-------- Data segment --------

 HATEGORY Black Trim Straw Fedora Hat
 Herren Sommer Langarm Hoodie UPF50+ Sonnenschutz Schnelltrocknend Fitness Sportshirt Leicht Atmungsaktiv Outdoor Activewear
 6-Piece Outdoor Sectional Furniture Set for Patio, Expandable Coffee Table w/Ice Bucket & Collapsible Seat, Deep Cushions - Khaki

--------

• Task directions:
Among the lines above, find the ones containing "Outdoor" and copy them.

• Answer to this exercise:
 Herren Sommer Langarm Hoodie UPF50+ Sonnenschutz Schnelltrocknend Fitness Sportshirt Leicht Atmungsaktiv Outdoor Activewear
 6-Piece Outdoor Sectional Furniture Set for Patio, Expandable Coffee Table w/Ice Bucket & Collapsible Seat, Deep Cushions - Khaki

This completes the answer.